Pada akhirnya diharapkan setiap lembaga pendidikan pada jenjang TK hingga SLTA secara bertahap harus melakukan pembenahan internal untuk mampu memberikan pelayanan yang terbaik bagi siswa.
Oleh : Sri Kadarwati
SETIAP menjelang bulan Juli hampir semua orang tua disibukkan dengan aktivitas berburu sekolah maupun Perguruan Tinggi untuk buah hatinya. Tahun 2019 merupakan tahun pertama peraturan Mendikbud nomor 20 tahun 2019 tentang system zonasi diberlakukan. Paradigma baru yang disiapkan pemerintah tersebut dimaksudkan untuk memeratakan akses pendidikan bagi masyarakat secara luas.

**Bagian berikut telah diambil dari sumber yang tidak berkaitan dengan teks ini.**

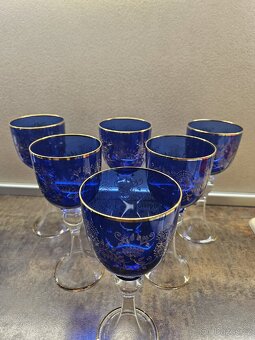 Skleněná souprava modrá - 15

Tentunya sistem zonasi ini masih belum dikatakan sempurna dalam tahap pemberlakuannya. Karena mungkin masih dirasakan kurang dalam sosialisasinya kepada masyarakat, sehingga masih menyisakan berbagai hal seperti masih adanya kecenderungan memilih sekolah yang “favorit” dan “kurang favorit”.
Istilah sekolah favorit dan kurang favorit di suatu wilayah biasanya diciptakan oleh masyarakat sendiri. Yaitu dengan memperhatikan kondisi fisik bangunan (sarana/prasarana sekolah) dan lingkungan yang ekslusif, strata ekonomi menengah ke atas dari orang tua siswa, bahkan kualitas pengajar yang dianggap lebih professional dalam mengajar atau mendidik.
Dari hasil penerapan sistem zonasi di tahun 2019, ke depan Pemerintah pasti akan melakukan evaluasi dan perbaikan yang mampu mengakomodir masukan masyarakat dan para pemerhati pendidikan nasional.
Pada akhirnya diharapkan setiap lembaga pendidikan pada jenjang TK hingga SLTA secara bertahap harus melakukan pembenahan internal untuk mampu memberikan pelayanan yang terbaik bagi siswa. Sehingga mampu memberikan kepuasan dan ketenangan bagi para orang tua untuk menyekolahkan putra/putrinya nya pada lembaga pendidikan sesuai zonasi yang ditentukan pemerintah. Pada akhirnya akan memberikan dampak positif terhadap capaian dan rata-rata harapan pendidikan formal masyarakat.
Seiring dengan reformasi yang terus diupayakan Pemerintah dalam meningkatkan kualitas pendidikan di Indonesia baik infrastruktur, sistem, program kurikulum maupun anggaran peningkatan SDM, perlu ditengok capaian pendidikan masyarakat selama lima tahun terakhir.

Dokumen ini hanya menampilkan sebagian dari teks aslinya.